• _WHAT YOU ARE ASKED TO DO_
Print the listing below word for word, but drop any pictures it contains.

*** Opening PROVIDED MATERIAL ***

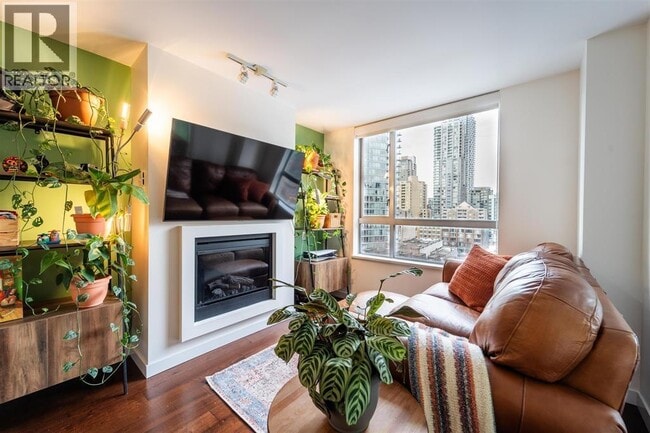 Building Photo - 1225 Richards St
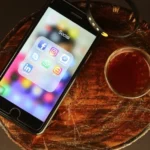 Фон дер Лајен најавила старосну границу за друштвене мреже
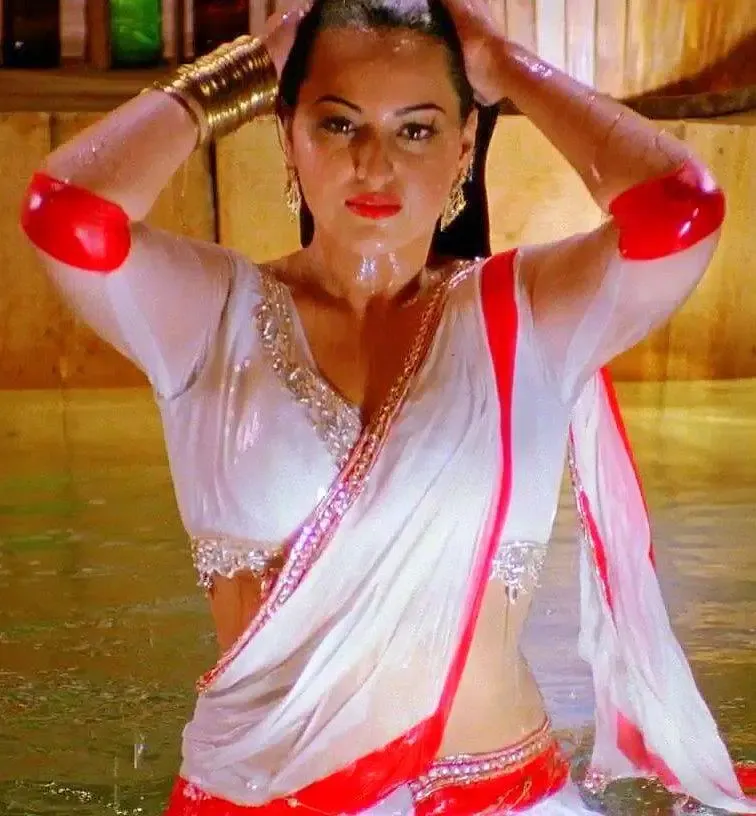 sonakshi sinha white wet saree bollywood actress sonakshi sinha white wet saree bollywood actress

*** Closing PROVIDED MATERIAL ***

• _TASK ANSWER_
 Building Photo - 1225 Richards St
 Фон дер Лајен најавила старосну границу за друштвене мреже
 sonakshi sinha white wet saree bollywood actress sonakshi sinha white wet saree bollywood actress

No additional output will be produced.